Data scandals: The undoing of social media major Facebook?

Chennai: Social media giant Facebook and privacy scandals have gone hand-in-hand and recent reports suggest that the pot is still brewing.

Last night, word about yet another issue with data privacy came out, where Facebook had allegedly given technology companies like Microsoft, Netflix and Spotify special access to user’s data.

According to a NYT report, the social media company offered these firms access to everything from friends lists to private messages, even after it claimed it no longer offered such access to anyone.

Netflix and Spotify apparently had the ability to read, write, and delete messages for users, while Microsoft’s Bing search engine could “see the names of virtually all Facebook users’ friends without consent”, the report said.

The list includes Russian search company, Yandex, too and it was allegedly allowed to see user IDs as late as last year, after Facebook was supposed to have cut even partner companies off from that information, reports stated.

Violation or not?

This degree of access might have been a violation of the Federal Trade Commission (FTC)’s 2011 decree that Facebook obtain explicit permission before sharing anyone’s data, experts state.

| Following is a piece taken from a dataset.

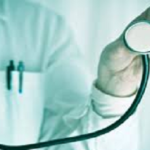 श्रद्धालुओं की सेहत प्राथमिकता, चारधाम यात्रा में 1350 डॉक्टर होंगे तैनात..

In the NYT report, Facebook’s director of Privacy and Public Policy, Steve Satterfield, said this access didn’t violate the FTC’s ruling because the ruling “did not require the social network to secure users’ consent before sharing data, because, Facebook considered the partners extensions of itself”.

Facebook released a statement, contrary to what Satterfield had said, saying that all of the access these companies were granted was done with user permission, including the ability to write and delete messages.

Facebook‘s head of Developer Programs, Konstantinos Papamiltiadis, said to a hypothetical worried user: “Our integration partners had to get authorization from people. You would have had to sign in with your Facebook account to use the integration offered by Apple, Amazon or another integration partner.”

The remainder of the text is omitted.